The team behind J’s Steak Frites has swapped out strip loins for spirits. Just weeks after closing their popular Queen West location, Jad Sfeir and Tara Tang have launched a new concept above their College Street outpost: Bitters and Bloom, a sultry speakeasy serving Prohibition-inspired cocktails and bar snacks.

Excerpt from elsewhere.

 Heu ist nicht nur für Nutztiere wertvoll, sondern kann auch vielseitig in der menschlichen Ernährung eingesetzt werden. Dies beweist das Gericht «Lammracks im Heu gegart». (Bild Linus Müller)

The closure of the Queen West restaurant wasn’t a retreat—it was a reality check. With just 26 seats and a wait list that stretched up to 40 days long, the original J’s had maxed out. The College Street location offered more: 36 seats inside, a 55-seat patio and a second floor. Rather than stack their steak frites operation vertically, Sfeir split the space and followed the data. “When we first opened in 2021, I thought most people would order wine with their meals,” he says. “But more than half were drinking cocktails.” So instead of fighting the trend, he leaned in.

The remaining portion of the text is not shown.